Hey guys 27 male here from india..professional bodybuilder...i m dignosed with ibs just before 4 months...factors which caused ibs may be one or more from the followinge 1.being a professional bodybuilder i was taking anabolic androgenic steroids 2.my daily schedule was really tight and hectic..i m running my own suppliment shop for whci i had to drive 2-3 hours everyday along with my heavy bodybuilding workout and heavy protein food..(where i couldnt drink enough water and could go for loo and toilet when i was supposed to be) 3.i was under mental stress due to my relation and my family...  4.my food habits were not regular due to hectic sheducle and mental stress 5.i was doing intercourse 4-5 times in 3-4 days in a week...and gap between 2 was very short like 1 hour 6.i was taking so many protein suppliments including high caffein containing preworkout drinksHow did it started.>> At first i started bloating,uneasy feeling during workout due to heavy stomuch 5-6 times i vomited yellow watery puke in mornings... i started suffering badly from acne on shoulder and face.. then one day when i was mental stress i suffered from diarhea..doctor priscribed me norfloxaccin and tinitazole and antispasmotic drug for a week..it was stopped for tht week only .again it started.. so doctor dignosed me with ibs i started taking ayurvedic medicines ..i was advised to drink lot of butter milk ang GHEE(fatty) ,,,(i started tht coz i had already left hopes for my bodybuiling goals due to ibs-d) during this once i got few attacks of abdominal pain cramps and diarrhea..i took diclomine once with pudin hara tabs(pappermint oil)i got immediate relive from pain but diarrhe was still there...meanwhile ayurvedic medicines were wrking properlry..diarrhe also was in control .but due to steroid injection infection i had to take antibiotic..and again tht diarrhe started...so IM TIRED OF EVERYTHING NOW...i m gonna try following medicine at a time>>>>>>>>>>>> 1.paxil,2.imodium,3.Cholestyramine,4calcium,5.eliwel tab(Amitriptyline) ANY SUGGESTIONS????>>>>


----------



## Korga (Sep 8, 2011)

before you reach for the meds, you should take a look at your overall healthful habits. Namely that you have a lot of bad ones which could be contributing to your symptoms. Meds will just be a bandaid if you don't address some basic things.1. Stress management.Devote some energy to finding ways to decrease your stress load. Take a walk or something quiet every day.Take time out for yourself and your peace of mind. Consider counseling.2. Healthy diet. You've been dumping a lot of stuff down your gut, including steroids. Get back into a healthy eating structure with fresh, whole, and varied ingredients, and regular meals. Avoid processed, fatty, and pre-packaged foods.3. Cut back on your workouts just a little until your body starts to recover.


----------



## ibssucks007s (Jan 27, 2012)

Korga said:


> before you reach for the meds, you should take a look at your overall healthful habits.
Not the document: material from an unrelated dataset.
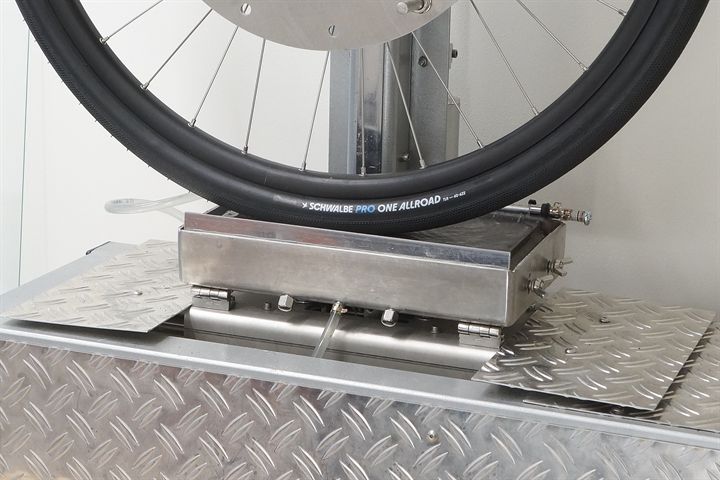 Schwalbe Pro One Allroad road bike tire on a grip test machine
Namely that you have a lot of bad ones which could be contributing to your symptoms. Meds will just be a bandaid if you don't address some basic things.1. Stress management.Devote some energy to finding ways to decrease your stress load. Take a walk or something quiet every day.Take time out for yourself and your peace of mind. Consider counseling.2. Healthy diet. You've been dumping a lot of stuff down your gut, including steroids. Get back into a healthy eating structure with fresh, whole, and varied ingredients, and regular meals. Avoid processed, fatty, and pre-packaged foods.3. Cut back on your workouts just a little until your body starts to recover.


----------



## ibssucks007s (Jan 27, 2012)

i have already stopped heavy workout,coplete off from steroids and protein shakes any kind of meat,i have stopped driving...the only thing i cant get rid of is depreesion...before ibs i was already in stress but because of ibs i have lost my one and only dream .i.e BODYBUILDING...which i cant digest easily...so i m again badly in depression...started eating amitriptyline today with papermint oil and calcuim..lets hope well


----------



## BQ (May 22, 2000)

NO dream is worth risking your health! One can have more than one dream.... so look at other things you might like to accomplish in life. I am sure once you are away from the steroids for awhile your whole system will feel better. Better days are coming so start dreaming about _other_ things you would like to do. If you feel you are too depressed... seek help from a Mental Health Professional.


----------



## ibssucks007s (Jan 27, 2012)

BQ said:


> NO dream is worth risking your health! One can have more than one dream.... so look at other things you might like to accomplish in life. I am sure once you are away from the steroids for awhile your whole system will feel better. Better days are coming so start dreaming about _other_ things you would like to do. If you feel you are too depressed... seek help from a Mental Health Professional.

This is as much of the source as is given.